### REQUIRED WORK
The part below that opens with the line containing "Black suede belt" and closes with the line containing "Teslimat kamyonu, yüzde" should be copied exactly, minus any pictures.

### AVAILABLE DATA
********************

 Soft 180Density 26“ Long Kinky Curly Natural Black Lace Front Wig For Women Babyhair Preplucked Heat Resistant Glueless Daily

********************

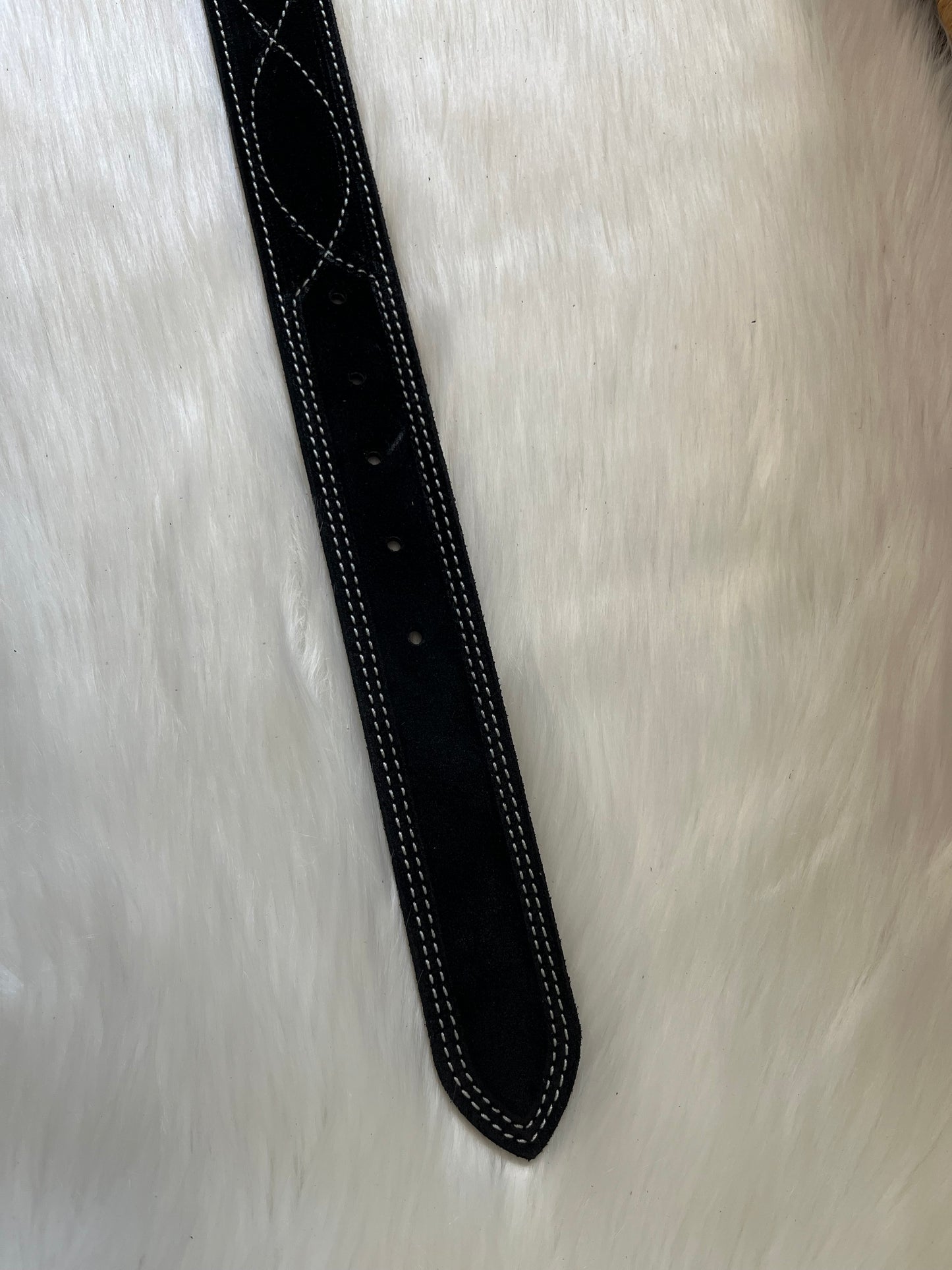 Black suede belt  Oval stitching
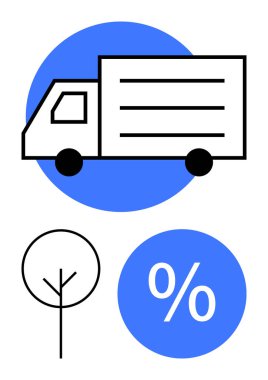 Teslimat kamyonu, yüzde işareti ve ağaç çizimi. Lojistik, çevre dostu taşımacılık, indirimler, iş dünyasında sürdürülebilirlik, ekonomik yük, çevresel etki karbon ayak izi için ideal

********************

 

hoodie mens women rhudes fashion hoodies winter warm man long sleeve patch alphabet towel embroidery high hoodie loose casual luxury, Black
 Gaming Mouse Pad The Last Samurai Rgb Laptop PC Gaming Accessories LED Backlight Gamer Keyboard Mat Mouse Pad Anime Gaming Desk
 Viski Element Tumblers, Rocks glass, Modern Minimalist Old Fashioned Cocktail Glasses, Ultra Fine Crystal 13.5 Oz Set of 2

********************

### ANSWER FOR THE TASK
 Black suede belt  Oval stitching
 Teslimat kamyonu, yüzde işareti ve ağaç çizimi. Lojistik, çevre dostu taşımacılık, indirimler, iş dünyasında sürdürülebilirlik, ekonomik yük, çevresel etki karbon ayak izi için ideal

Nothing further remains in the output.